What the exercise asks: The lines to repeat are those below from the one containing "Basic Black Zip-Up Hoodie" down to the one containing "A 20thC lead", both included; reproduce them exactly and nothing else.

Data for processing:
'''

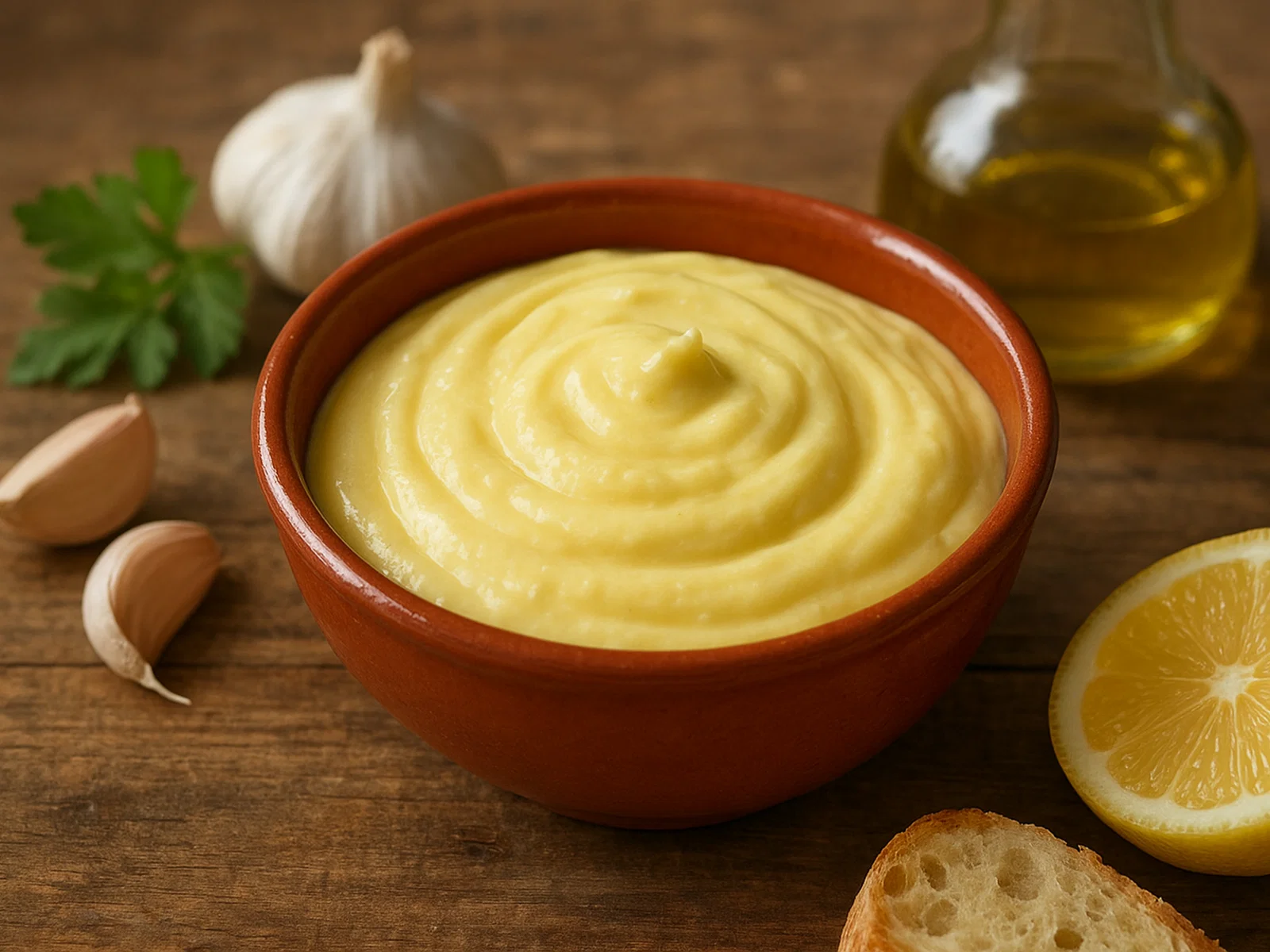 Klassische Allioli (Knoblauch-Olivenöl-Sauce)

'''
'''

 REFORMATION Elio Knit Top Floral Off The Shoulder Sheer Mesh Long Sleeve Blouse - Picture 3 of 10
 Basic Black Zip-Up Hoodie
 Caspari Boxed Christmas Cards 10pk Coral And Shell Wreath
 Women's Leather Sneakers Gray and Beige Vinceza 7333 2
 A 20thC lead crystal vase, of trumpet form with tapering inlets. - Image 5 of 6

'''

Response below:
 Basic Black Zip-Up Hoodie
 Caspari Boxed Christmas Cards 10pk Coral And Shell Wreath
 Women's Leather Sneakers Gray and Beige Vinceza 7333 2
 A 20thC lead crystal vase, of trumpet form with tapering inlets. - Image 5 of 6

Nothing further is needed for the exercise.